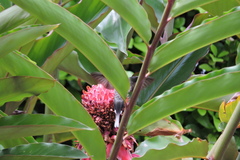 Phaethornis hispidus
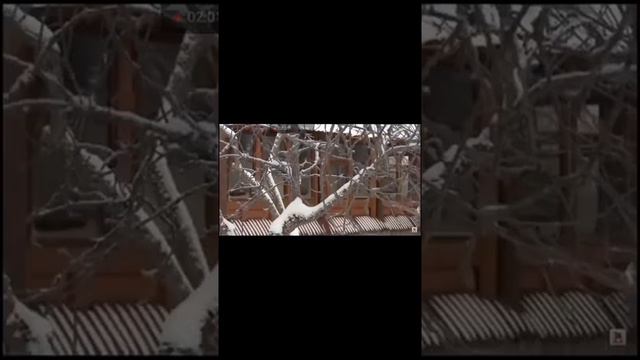 ύμνος του μοναχισμού гимн монашества смотреть онлайн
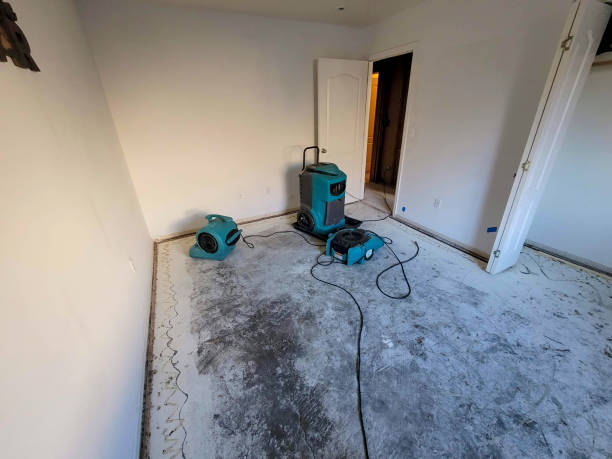 Best Water damage cleanup near me  in Weaverville, CA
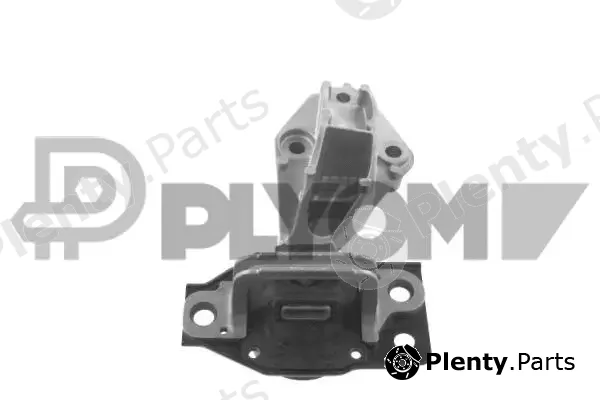 Plyom P756146 — Mounting, engine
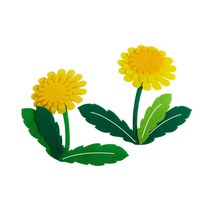 펠트 민들레꽃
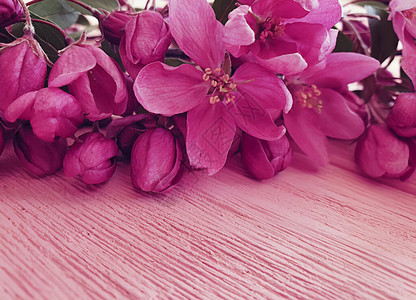 木制背景框架上的玉兰花图片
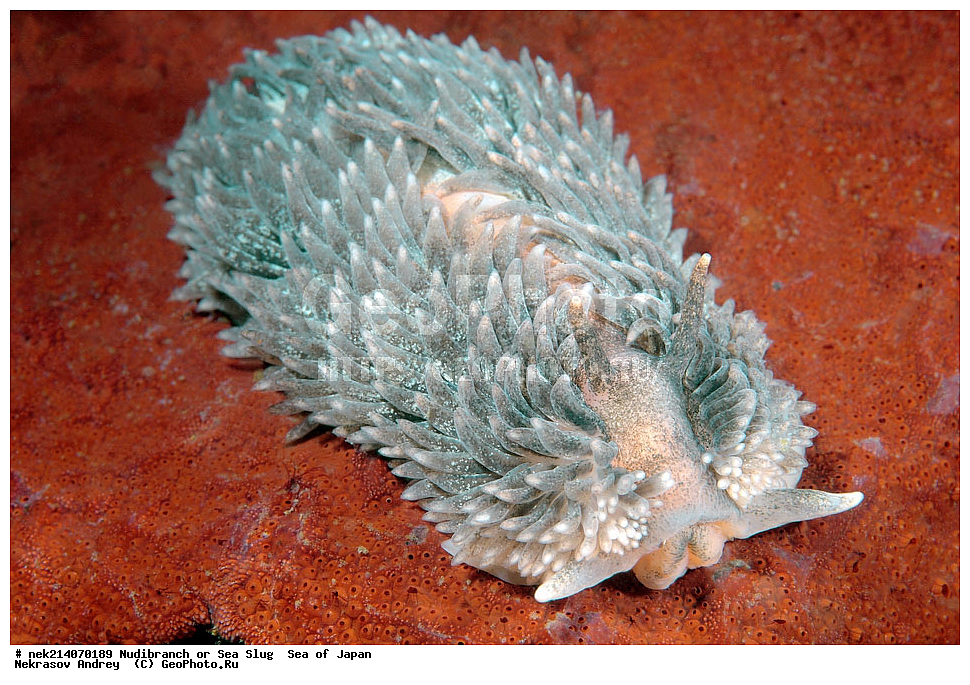 �������� ����, ���������������, ���������������, �������, ����������, ����������, ���������� ����, ����������, ��������, ����� �����, ����� ������, ��������, ��������� ����, �������� ����, ��������, ����, �������� ����, ����, �����, ������, ���������������, ��������, ��������, ����, �������, �������, ���, ���������, ���������, ��������� ���, �������������, �������������, ������������, ��������� ����, �����, �����, �������, ��������������, ������������, �������, Aeolidia papillosa, ������������ �������, ������� �������, ������������, ������������,  ����������, ����������, ���������, ��������, ���������, ��������� ����������, ���, ���������, dive, diving, ��������� ����, ���������������, ���������������, ������� ������, ����������, ����������, ���������� ����, ����������, ��������, ������, �������, ����� �����, ����� ������, ���������, ��������� ����, ��������, ��������, �������� ����, �������� ����, ���������, ���, �����, ����, ����, ����, ������, ������, ������, �����, ������������, �������, ����� �������, ����������, ��������, ��������, ��������, �������, ������, ������, ����, �������, ��������, ����, ����, �������, �������, ��, ���������, ���������, ������, ��������, ��, ���, ���������, ���������, ���������, ��������� ���, ��������� ������, �������, �������, �������, �������,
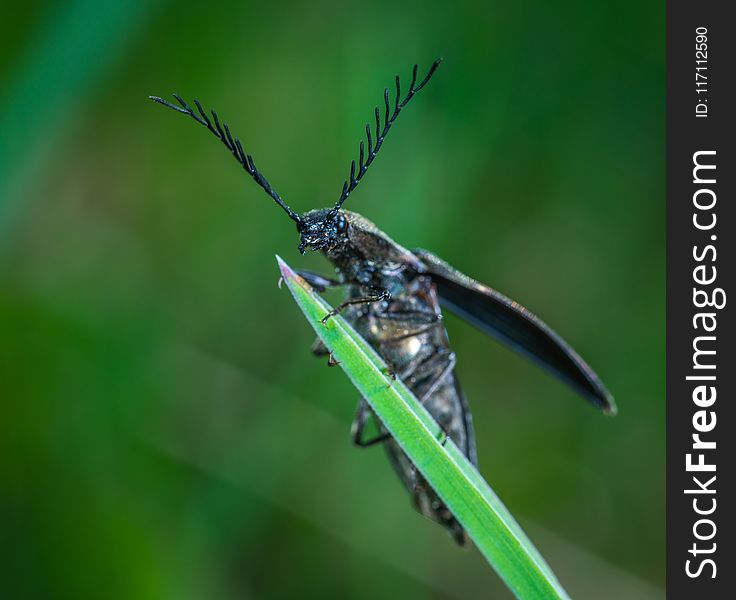 Selective Focus Photography of Black Leaf-horned Beetle Perched on Green Leaf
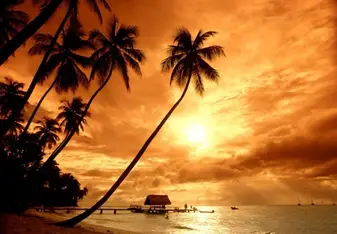 Costa Rican Beach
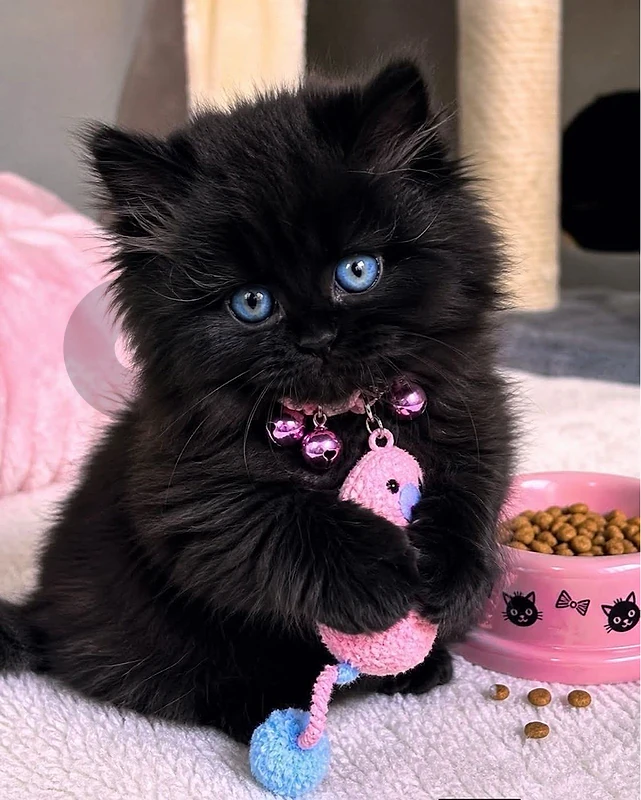persian black  whtsp 81686679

※ ※ ※

## WORK TASK
Restate only the lines running from the start of the material above through the line containing "木制背景框架上的玉兰花图片", ends included. No pictures.

## RESPONSE BELOW
 Phaethornis hispidus
 ύμνος του μοναχισμού гимн монашества смотреть онлайн
 Best Water damage cleanup near me  in Weaverville, CA
 Plyom P756146 — Mounting, engine
 펠트 민들레꽃
 木制背景框架上的玉兰花图片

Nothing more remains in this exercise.